(Records from a data collection)

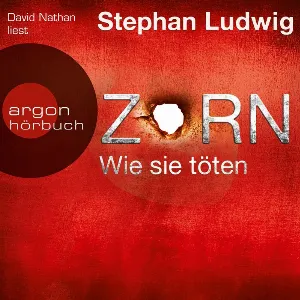 Pochette de Zorn: Wie sie töten de David Nathan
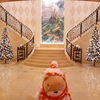 #アンバサダーホテル#クリスマス#くまくま神社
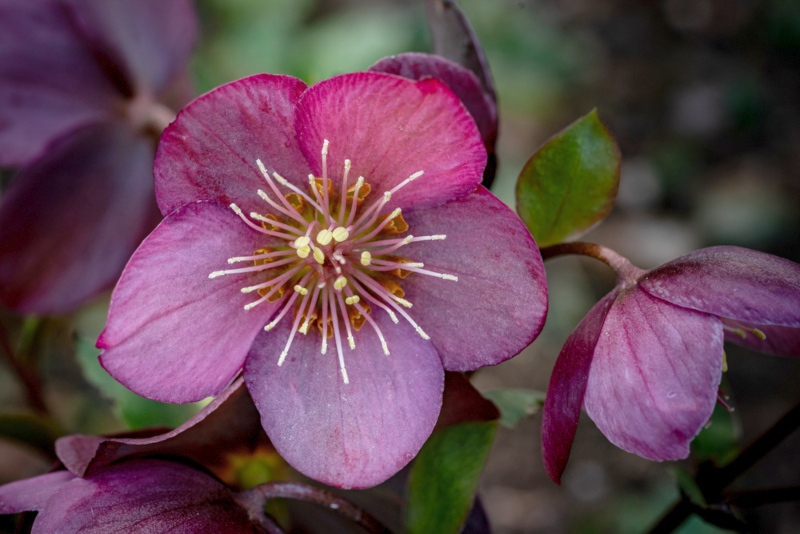 Lenton-Rose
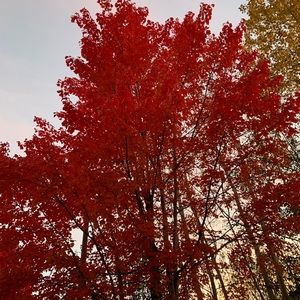 Meet your Posher, Nadia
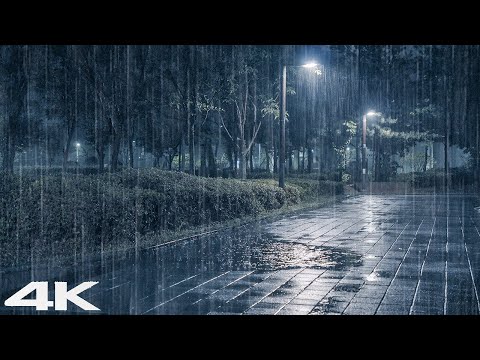 马上睡觉 _ 森林公园夜间大雨雷鸣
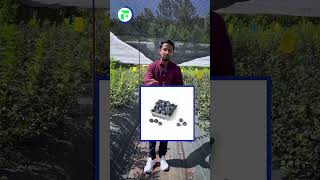 How to cultivate superfood 🤔❓ Blueberry Farming Explained #shorts #indianfarmer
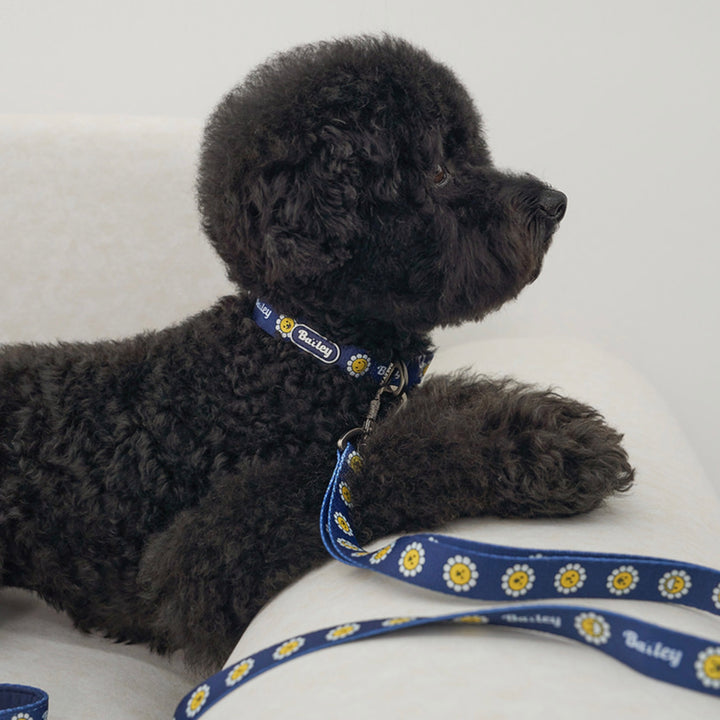 ※予約販売【Bailey】Daisy Walkie Collar（4color）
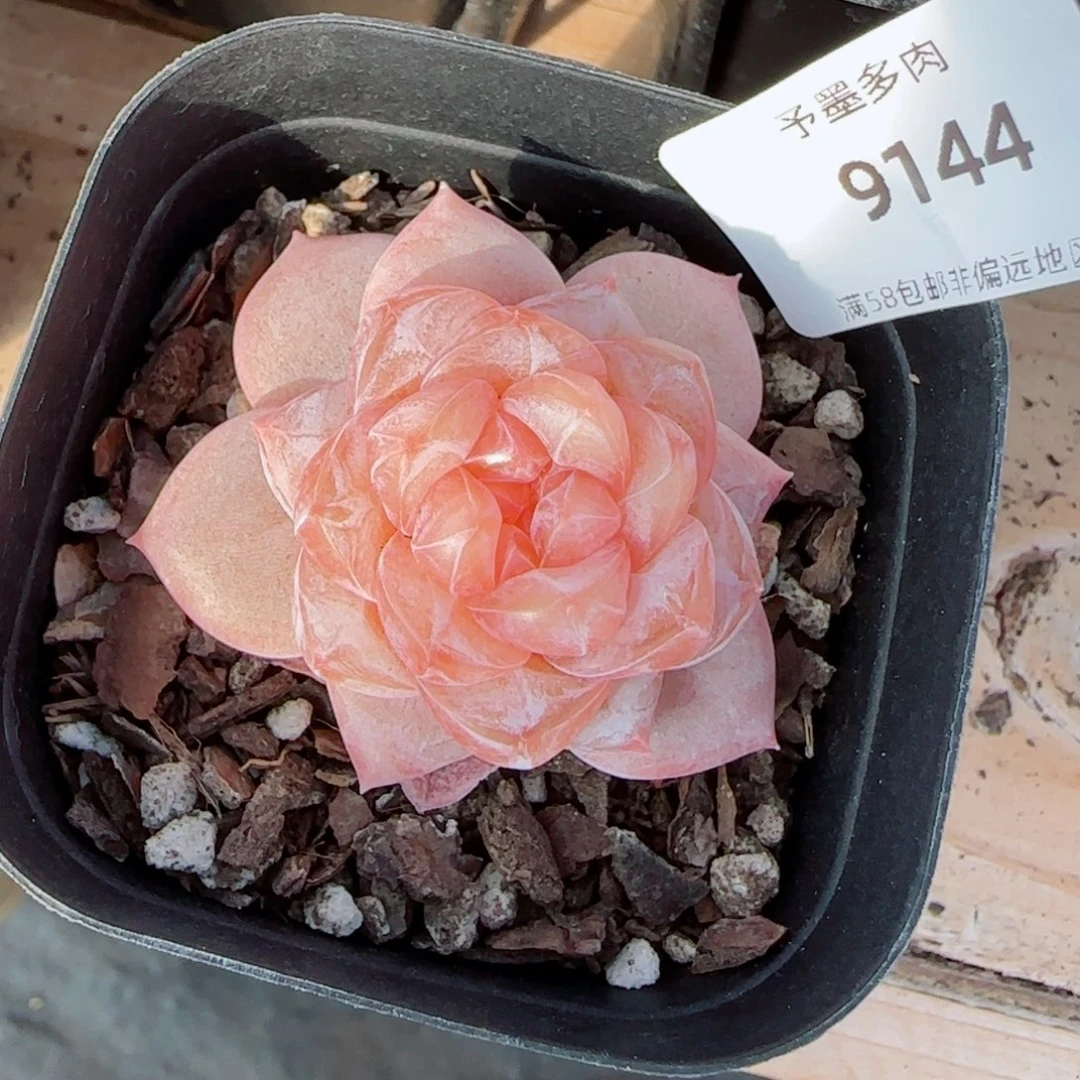 粉海湾，9144多肉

## Assigned task
Skip the pictures. Return exactly the lines from the one containing "How to cultivate" through the end of the data above, both included, and nothing besides.

## Exercise answer
 How to cultivate superfood 🤔❓ Blueberry Farming Explained #shorts #indianfarmer
 ※予約販売【Bailey】Daisy Walkie Collar（4color）
 粉海湾，9144多肉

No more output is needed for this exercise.